Jika infark total sirkulasi anterior (karotis) dapat terjadi hemiplegia
(kerusakan pada bagian atas traktus kortikospinal), hemianopia (kerusakan
pada radiasio optikus), defisit kortikal, misalnya disfasia (hemisfer dominan),
hilangnya fungsi visuospasial (hemisfer nondominan). Infark parsial pada
sirkulasi anterior dapat menyebabkan hemiplegia dan hemianopia, hanya
defisit kortikal saja. Infark lacunar biasanya terjadi karena penyakit intrinsik
(lipohialinosis) pada arteri kecil profunda menyebabkan sindrom yang
karakteristik. Tanda-tanda lesi batang otak dan hemianopia homonym dapat
terjadi pada infark sirkulasi posterior (vertebrobasilar).

II.8 Diagnosis
Diagnosis pasien dengan stroke iskemik akut harus dilakukan secepat
mungkin. Hal ini sangat penting karena berguna untuk menentukan terapi yang
efektif selanjutnya. Riwayat gejala neurologis bersamaan dengan brain
imaging, memberikan informasi penting mengenai etiologi dan kontraindikasi
untuk terapi agen trombolitik. Brain imaging wajib dilakukan untuk menjadi
pedoman tindakan intervensi.
Stroke harus dipertimbangkan pada setiap pasien yang mengalami
defisit neurologi akut (baik fokal maupun global) atau penurunan tingkat
kesadaran. Tidak terdapat tanda atau gejala yang spesifik untuk membedakan
stroke hemoragik dan iskemik meskipun gejala seperti muntah, sakit kepala
dan perubahan tingkat kesadaran lebih sering terjadi pada stroke hemoragik.
American Heart Association/American Stroke Association (AHA/ASA)
memperkenalkan algoritma “FAST” (Facial droop, Arm weakness, Slurred
speech, Time of onset) dapat mempermudah untuk mengenali gejala stroke atau
TIA sebelum sampai ke rumah sakit. Metode lain yang dapat digunakan adalah
6S atau BEFAST. Untuk diagnosis yang lebih lengkap dapat menggunakan
The National Institutes of Health Stroke Scale (NIHSS).

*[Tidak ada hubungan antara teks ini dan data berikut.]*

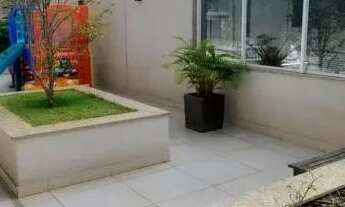 Imagem 6: APARTAMENTO DE 02 QUARTOS - ED. ECOVITTA - RUA FANCISCO GODINHO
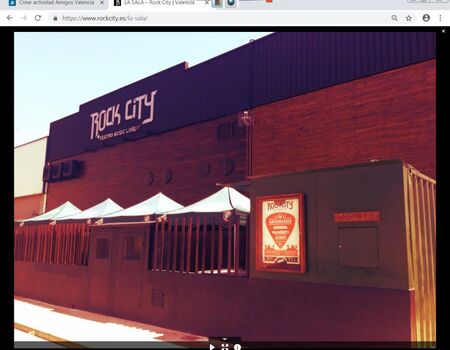 Imagen del evento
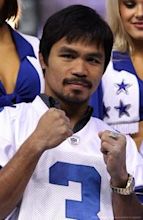 Manny Pacquiao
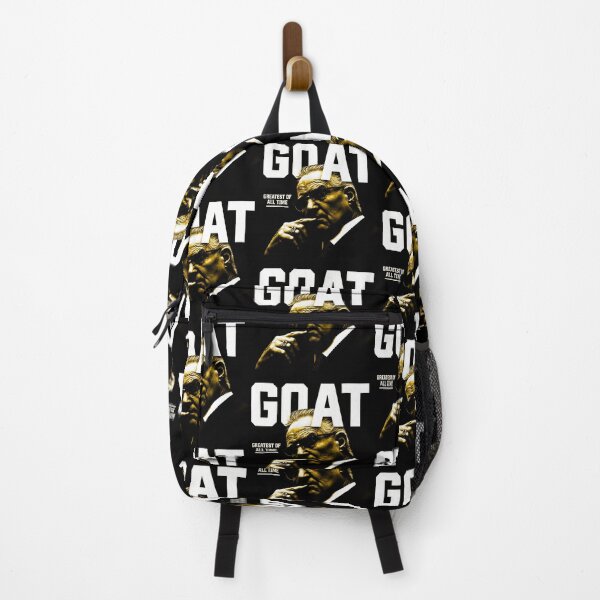 Item preview, Kevin Reddington G.O.A.T Graphic designed and sold by FreddieMorgans.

Skoring ini digunakan
untuk menilai derajat stroke dan sebagai indikator prognosis (Tabel 1). NIHSS
berisi penilaian mengenai kognitif, emosi, fungsi motorik dan sensorik. Jumlah
skor yang didapatkan akan diakumulasi dan digolongkan kedalam 3 (tiga)
derajat yaitu ringan (<5), sedang (5-10), dan berat (>10).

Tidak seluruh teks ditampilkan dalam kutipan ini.